The Aims of the Victorian Folk Music Club

(a) to preserve, research and popularise our Australian Folklore Heritage of traditional songs, music, poetry, prose and dance.
(b) to encourage the creation of contemporary songs, music, poetry, prose and dance in the traditional style.
(c) to maintain forums where singers, musicians, reciters, dancers and interested organisations may exchange information, receive help and guidance for the understanding and promotion of Australian Folklore.
The History of the Victorian Folk Music Club
The roots of the VFMC lie in the formation of the original Bushwackers’ Band in Melbourne in 1955, which appeared with great success in the second production of the play “Reedy River”.
After a change of name to the Billabong Band, the Band built up a keen audience of fans around Melbourne and began to hold regular monthly Singabouts to cater for them. Band members along with some of their most enthusiastic followers launched the Victorian Bush Music Club on June 26th, 1959.
The Club had the aim of reviving Australian folk songs and restoring them to their former popularity, and undertook to assist in, and to encourage, the composing of new songs, contemporary in subject and traditional in style.

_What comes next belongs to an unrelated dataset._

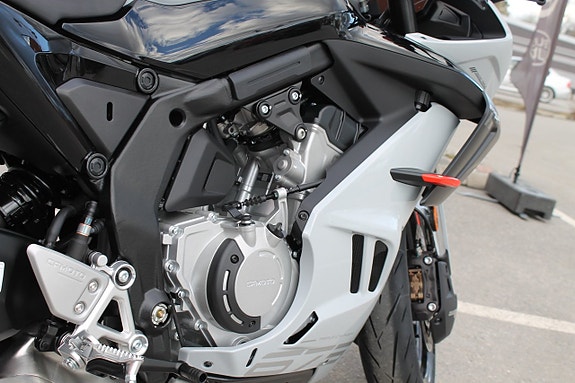 CFMOTO 675 SR-R | 3 CYL | BRUTAL SKÖNHET PÅ 2-HJUL 16 of 18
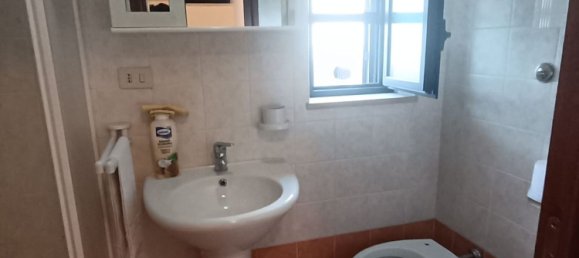 3-Zimmer Haus in Serrone, Italy, Nr. 113518 9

In its earliest days the Club made use of the publications of the Sydney Bush Music Club such as Singabout magazine, but by 1960, had launched its own monthly newsletter. In 1961 the Club combined with the Folklore Society of Victoria and brought out a monthly publication, the Gumsuckers’ Gazette. Words and music of songs were included in this, and by 1964, a more ambitious publication, Australian Tradition, was launched.
In 1962 contact was made with a fine group of dancers and musicians in the Corryong district led by Beat and Con Klippel, and yearly get-togethers have been held there ever since, now known as the Nariel Creek Folk Festival, held over the New Year weekend.
1963 saw the first big Moomba folk concert, at which VFMC members provided the bulk of the program. Following closely on this was a most successful weeklong folk festival in conjunction with the Folklore Society of Victoria and the Council for Adult Education. A change of name to the Victorian Folk Music Club was made to emphasise that the Club’s interests included urban and contemporary songs.
Early in 1966 the Club took the initiative, along with Glen Tomasetti and Martin Wyndham-Read, of launching the Port Phillip Folk Festival Committee, and started it off financially with a $100 grant. This festival was so successful that it eventually became the National Folk Festival, now held annually over Easter at the Exhibition Park in Canberra (EPIC).
Over the years, the Club has vigorously promoted Australian music and dance by sponsoring a number of important publications, including Peter Ellis’s “Collector’s Choice” book series, a double tape set of historic recordings of legendary Castlemaine accordionist Harry McQueen and the Joy Durst Memorial Song Collection.